AI Innovation Hub dirancang sebagai ruang kolaborasi terbuka bagi akademisi, pelaku industri, komunitas startup, dan masyarakat umum. Pusat inovasi ini menghadirkan empat pilar program utama: AI Academy untuk pembelajaran AI terstruktur dari level dasar hingga mahir; AI Hub Event yang mencakup hackathon dan diskusi panel; AI Hub Showcase untuk menampilkan berbagai use case AI; serta AI Labs yang menyediakan ruang kerja bersama (coworking space) lengkap dengan akses ke dummy dataset dan infrastruktur GPU untuk riset dan pengembangan.

Menteri Komunikasi dan Digital (Komdigi) RI, Meutya Hafid, yang hadir secara daring, memberikan apresiasi dan berharap AI Innovation Hub menjadi pintu masuk bagi mahasiswa, peneliti, dan startup untuk mengembangkan solusi AI yang aplikatif. “Negara ingin memastikan talenta Indonesia tidak hanya menjadi pengguna teknologi, tetapi pencipta inovasi yang mampu bersaing di tingkat ASEAN,” tutur Meutya. Ia juga mendorong agar pengembangan AI difokuskan pada sektor prioritas nasional yang dekat dengan publik, seperti ketahanan pangan, kesehatan, pendidikan, transportasi, dan layanan pemerintahan.

Sementara itu, Rektor ITB, Prof. Tatacipta Dirgantara, menyatakan ITB merasa terhormat menjadi bagian dari inisiatif strategis ini. Menurutnya, AI Innovation Hub akan berfungsi sebagai katalisator riset dan pengembangan teknologi AI yang aplikatif, menghubungkan para peneliti, pelaku industri, dan masyarakat luas untuk menciptakan solusi yang relevan dan berkelanjutan bagi kemajuan bangsa.
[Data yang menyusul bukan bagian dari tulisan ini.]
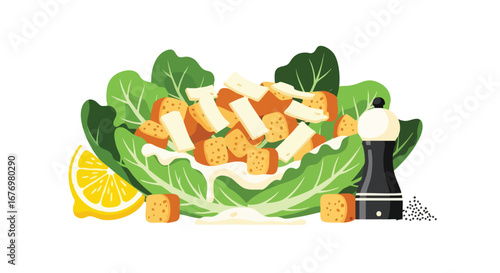 Vibrant Caesar Salad Illustration with Fresh Ingredients and Flavorful Pepper Mill Detailing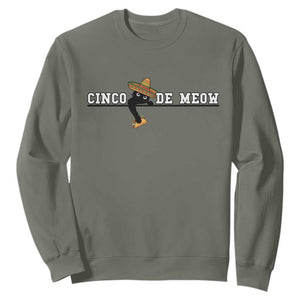 Funny Cinco De Meow Sweatshirt Cute Black Cat Eating Taco TS12 Military Green Print Your Wear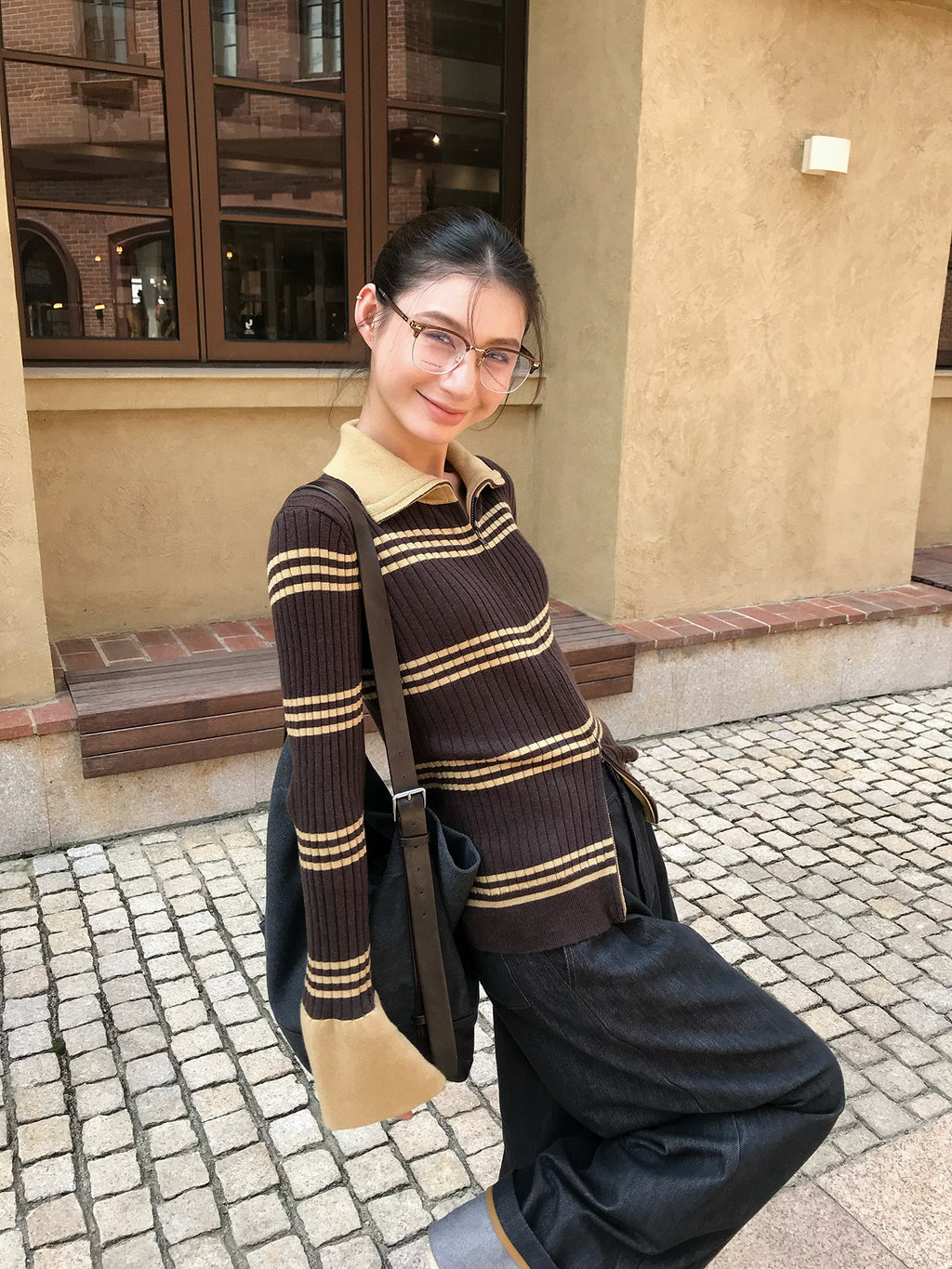 Flared Sleeves Slim Striped Zip-Up Knitted Sweater Cardigan Top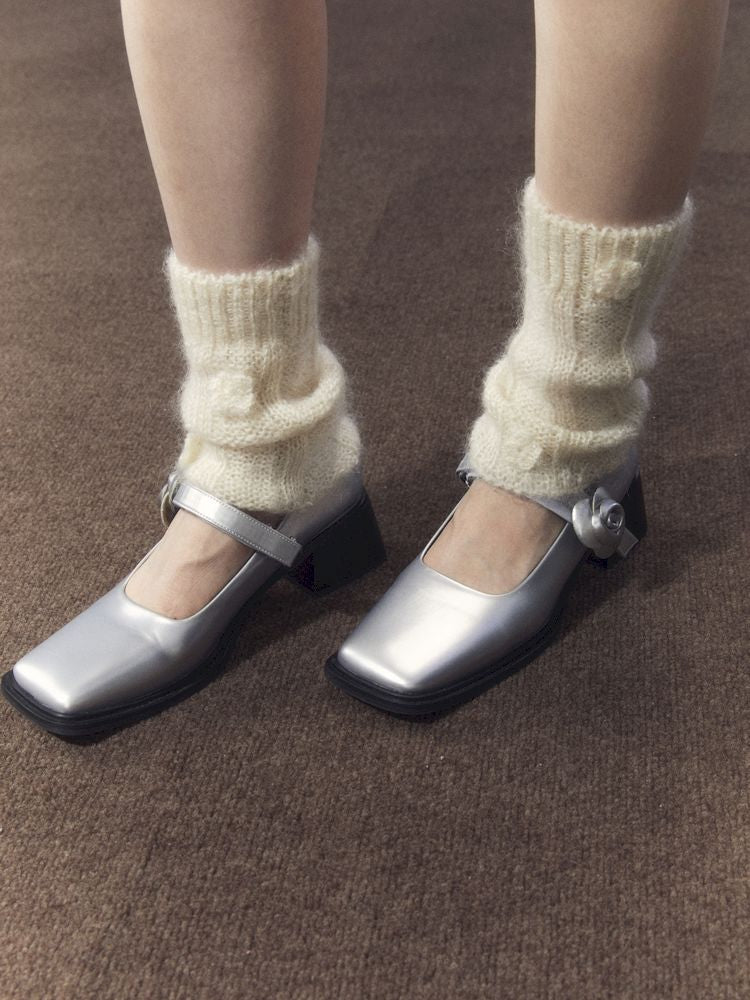 Silver Camellia Square Toe Mary Jane Leather Shoes【s0000006664】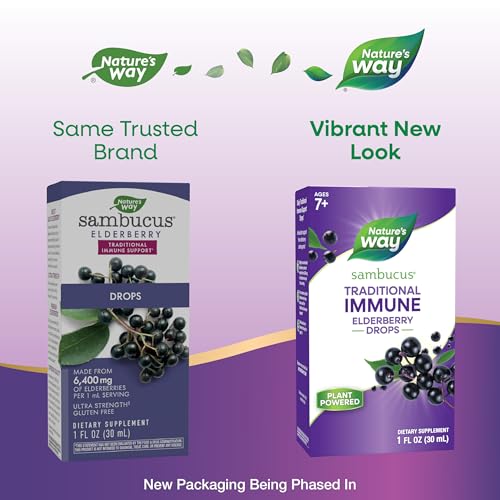 Nature's Way Sambucus Traditional Immune Elderberry Drops, 1 Fl Oz - image 2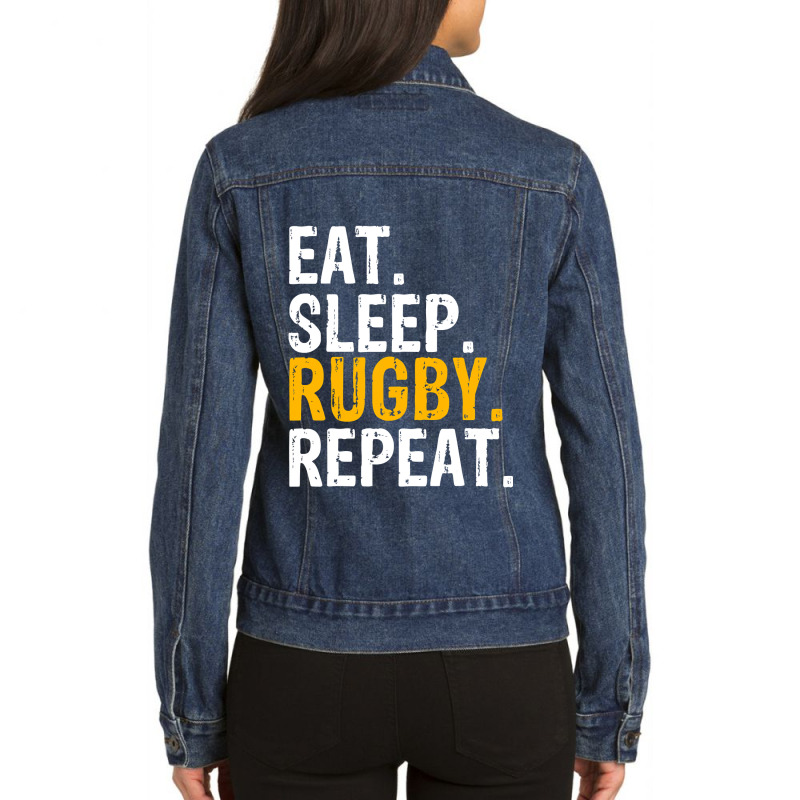 Eat Sleep Rugby Repeat Gift Ladies Denim Jacket by JamesArtists | Artistshot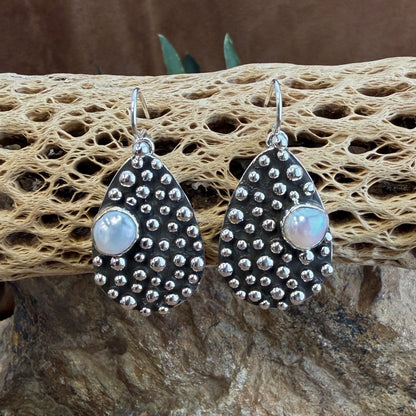 Million Drops Fresh Water Pearl Sterling Silver Earrings by Ray Coriz - front view showing teardrop oxidized silver with pearl and silver dots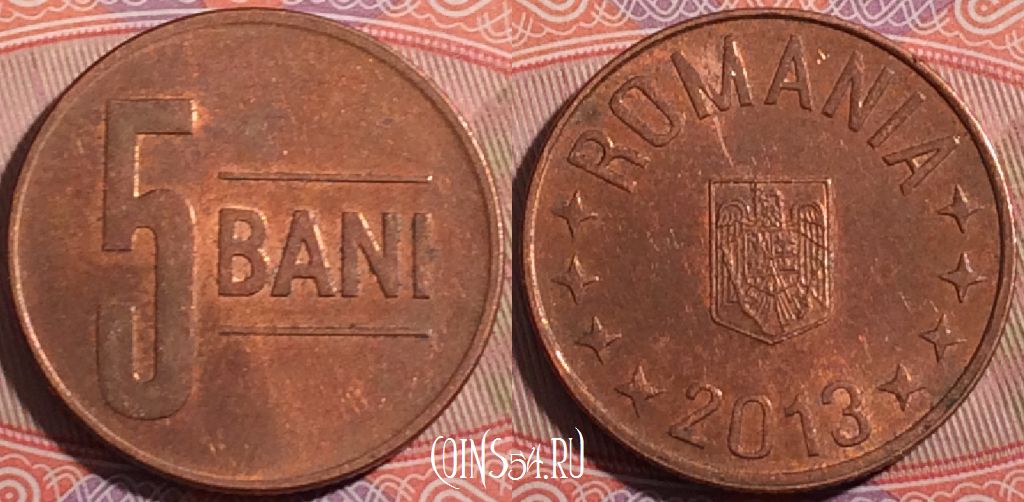 Монета Румыния 5 бань 2013 года, KM# 190, a055-011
Pada fase awal, Telkomsel dan ITB menargetkan ratusan peserta untuk mengikuti pembelajaran AI Academy secara daring, dengan 100 peserta di antaranya akan melanjutkan ke level intermediate dan advanced. Kolaborasi ini juga menargetkan lebih dari 100 peserta untuk Program Certified AI Basic secara offline hingga tahun 2029 bekerja sama dengan Komdigi. Selain itu, disiapkan sekitar 10 use case AI dari Telkomsel dan 10 use case dari ITB untuk diakselerasi menjadi solusi bernilai bisnis.